WINSTON-SALEM, N.C. — A local percussion ensemble performed at three separate events in the New York City area the weekend of Aug. 1-3, traveling by chartered bus from Winston-Salem.

The performances were among roughly two-dozen each year by the troupe, which in June also released “Ten Songs,” its second compact disc.

Believed to be the first professional music group in the U.S. whose members live with developmental disabilities, the Enrichment Center Percussion Ensemble features
six musicians, all but one of whom learned to play their instruments at the center.

“Our mission is to help people with developmental disabilities become active and productive citizens in the community,” says Sue Kneppelt, director of the Gateway Gallery and arts marketing at the Enrichment Center.

Formed in 1983, the center merged in 2002 with The Arc of Forsyth County and the now-defunct Forsyth Center for the Deaf and Hard of Hearing.

With an annual budget of nearly $2.1 million and a staff of roughly 50 people, the center is a member of the state and national Arc organizations and each year provides Arc services in the community to between 500 to 1,000 individuals, as well as workshops for their families.

In addition, roughly 65 people visit the group’s offices each day for academic and life-skills programs, and the center also supports roughly 100 people a year with its supported-employment program.

That program works to help people with disabilities get jobs, and then provides them with job-site training and long-term support.

And the arts play a key role in the services the center provides, Kneppelt says.

The arts are “a way for people with developmental disabilities to communicate,” she says. “Their communication skills are often severely lacking, but they can learn to
communicate through their art work.”

Most of the 65 people who visit the Enrichment Center each day take at least some arts classes, which are offered every hour.

Topics include ceramics, painting, music, multi-media, dance/theater, poetry, photography, jewelry-making and, starting in June, making art with glass.

Not only do participants learn arts skills, but they also generate income for themselves and for the Enrichment Center through the sale of the art they create.

“The focus of the arts program is employment,” Kneppelt says. “So they get commissions from the artwork they sell and fees from performances and recordings.”

Annual revenue from art sales and fees from performances and recordings, which are divided evenly between the artists and the center, totaled $23,400 for the fiscal year that ended June 30, 2007.

Artwork is sold in the center’s Gateway Gallery, which features both sales and exhibition space and changes exhibitions every other month, pairing work by the center’s artists and by community artists who do not have disabilities.

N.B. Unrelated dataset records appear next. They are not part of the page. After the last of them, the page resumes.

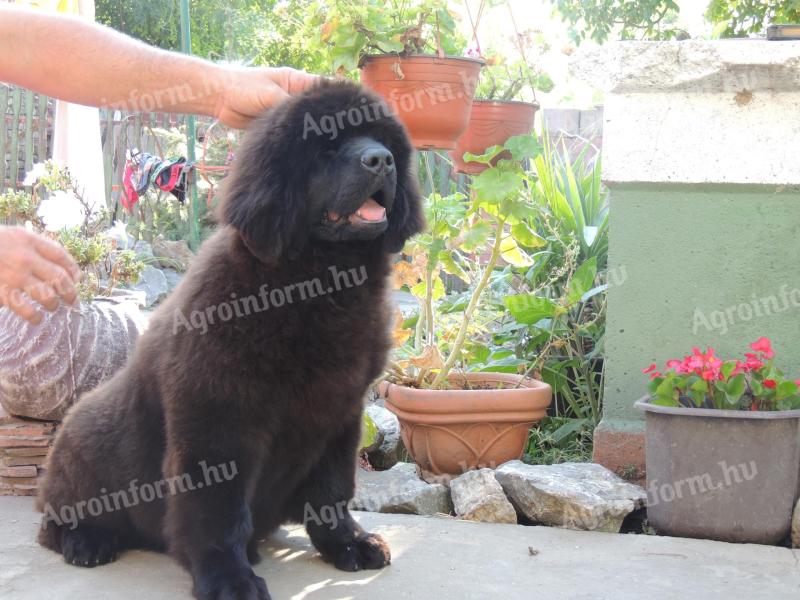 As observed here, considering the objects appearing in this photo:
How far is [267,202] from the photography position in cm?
217

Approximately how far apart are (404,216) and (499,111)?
1585 millimetres

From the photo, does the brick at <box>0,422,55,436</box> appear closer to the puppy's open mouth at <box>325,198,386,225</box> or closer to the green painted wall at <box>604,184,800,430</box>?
the puppy's open mouth at <box>325,198,386,225</box>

A new program will bring to the center two to three times a year artists-in-residence who will work and teach in a medium for which the center lacks equipment and expertise.

This summer, for example, Winston-Salem artist Aaron Robbins taught silk-screening, and the center on July 25 opened an exhibition, entitled “Time Tables,” that will run through Sept. 20 and feature Robbins’ work and that of the center’s own artists.

Founded in 1997 by Aaron Bachelder, a musician and composer who serves as its director, the percussion ensemble performs at receptions for all the center’s art-exhibition openings and at events sponsored by groups such as United Way of Forsyth County, which provides 15 percent to 20 percent of the center’s annual budget, and the Arts Council of Winston-Salem and Forsyth County.

Bachelder, who performs in the group and is its only member who does not have a developmental disability, was invited to speak this month at a national conference in White Plains, N.Y., for executive directors of Arc organizations.

Bachelder, whose topic was the use of music as a vocational opportunity for people with disabilities, also arranged for the percussion ensemble to perform at the
conference, and at the American Folk Art Museum in Manhattan and the Douglass Street Music Collective in Brooklyn.

Members of the ensemble will use ideas from the New York trip to help plan the center’s second annual Mardi Gras fundraising event next year.

The inaugural event last January attracted 350 guests and netted $21,000 for the center’s endowment, which totaled $154,600 on June 30.

“For too long, individuals with disabilities have been told what they can and cannot do by others,” Kneppelt says. “Through our program at the environment center, people with disabilities are learning they can make their own choices, and we give them the tools to help them make good choices.”